Book-entry bonds. These are bonds for which certificates are not issued. Just as registered bonds have largely supplanted bearer bonds, book entry has replaced certificates as the prevailing form of issuance. With book-entry securities, a bond issue has, generally, only one master, or global, certificate, which is kept at a securities depository.
The investor’s ownership of book-entry bonds is recorded in the investor’s brokerage account. The broker, in turn, holds a corresponding interest in the global certificate that is held by the depository. All interest and principal payments are forwarded to the depository, and from there to the investor’s brokerage account.
SOURCES OF INFORMATION
A copy of the prospectus, the official offering statement the issuer must file with the Securities and Exchange Commission (SEC), may be obtained from a financial professional or online at www sec gov/edgar/searchedgar/companysearch html. In addition, detailed information on new bond issues is provided by two of the rating agencies: Moody’s (www moodys com/page/lookuparating aspx) and Standard & Poor’s (www standardandpoors com). These two companies also provide information on existing bond issues.

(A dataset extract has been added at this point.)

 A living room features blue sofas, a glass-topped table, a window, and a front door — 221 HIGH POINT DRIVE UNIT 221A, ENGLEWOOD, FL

How quickly and easily a particular bond can be bought or sold in the secondary market determines its marketability. The term “marketability” may be used interchangeably with “liquidity.” In general, for a bond to have high marketability, there must be a large trading volume and a large number of dealers in the security.
Bearer bonds. The Tax Reform Act of 1982 ended the issuance of new bearer bonds in the United States. These bonds had no name printed on them, and had coupons attached. Anonymous and highly negotiable, bearer bonds were virtually equivalent to cash.

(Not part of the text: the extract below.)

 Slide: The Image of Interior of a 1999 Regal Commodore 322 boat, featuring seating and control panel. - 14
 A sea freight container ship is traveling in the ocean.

Call provision. Bonds may have a redemption, or call, provision that allows or requires the issuer to redeem the bonds at a specified price and date before maturity. For example, bonds may be called when interest rates have dropped significantly from the time the bond was issued.

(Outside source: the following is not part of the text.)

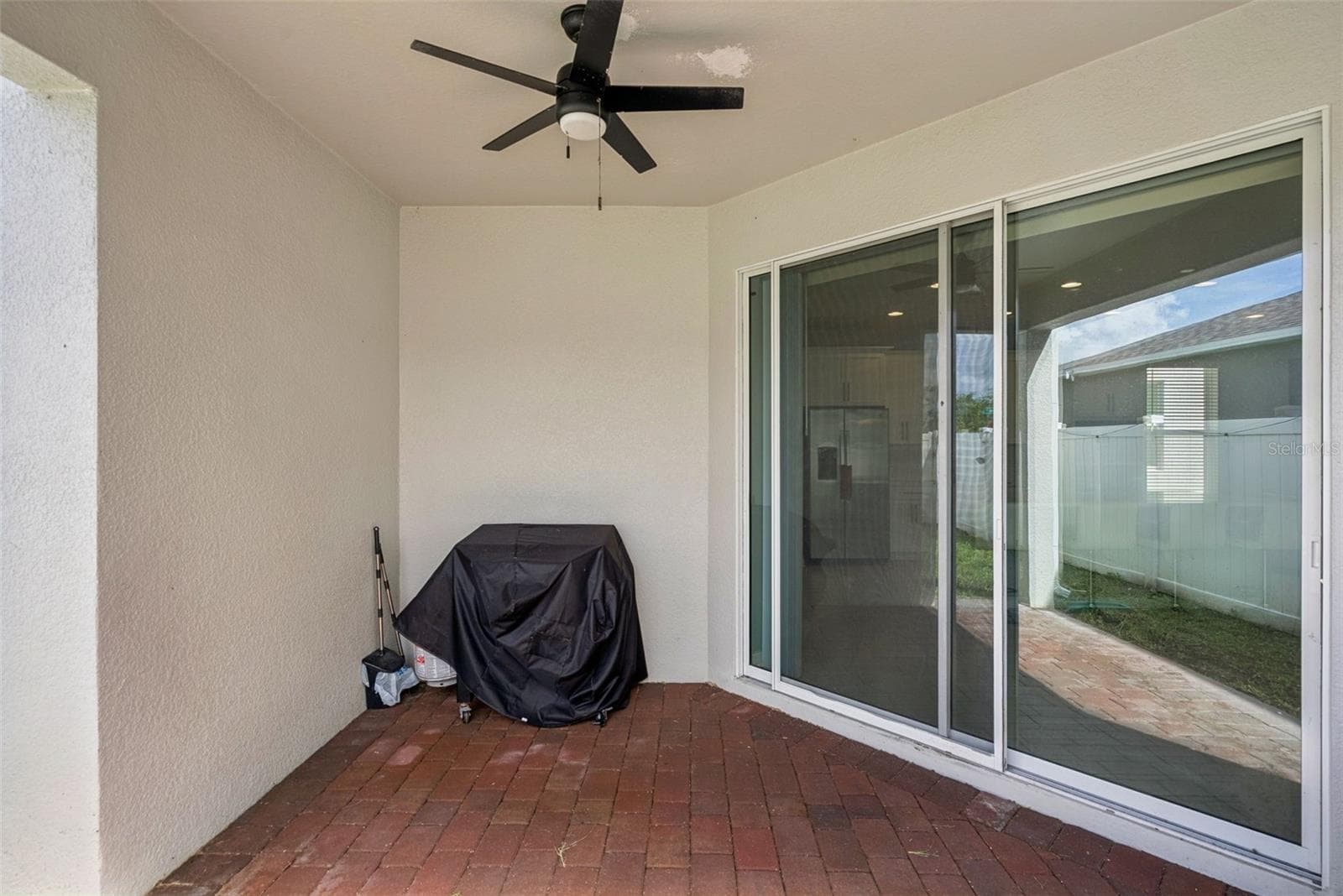 Covered Patio - 613 CHEVAL LN, DEBARY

Collateral. Assets pledged by a borrower to secure repayment of a loan or bond.
Coupon. The feature of a bond that denotes the interest rate (coupon rate) it will pay and the date on which the interest payment will be made.
Default. A failure by an issuer to: (i) pay principal or interest when due, (ii) meet non-payment obligations, such as reporting requirements or (iii) comply with certain covenants in the document authorizing the issuance of a bond (an indenture).
Face (or Par or Principal). The principal amount of a security that appears on the face of the bond.
High-yield bond (or junk bond). Bonds rated Ba (by Moody’s) or BB (by S&P and Fitch) or below, whose lower credit ratings indicate a higher risk of default. Due to the increased risk of default, these bonds typically offer a higher yield than more creditworthy bonds.
Interest. Compensation paid or to be paid for the use of assets, generally expressed as an annual percentage rate. The rate may be constant over the life of the bond (fixed-rate), or may change from time to time by reference to an index (floating-rate).
Liquidity (or marketability). A measure of the relative ease and speed with which a security can be purchased or sold in a secondary market.
Maturity. The date when the principal amount of a security is due to be repaid.
Par. See Face
Principal. See Face
Security. Collateral pledged by a bond issuer (debtor) to an investor (lender) to secure repayment of the loan.
Volatility. The propensity of a security’s price to rise or fall sharply.
Zero-coupon bond. A bond that does not make periodic interest payments before it matures. Instead, the investor receives one payment, which includes principal and interest, at redemption (call or maturity).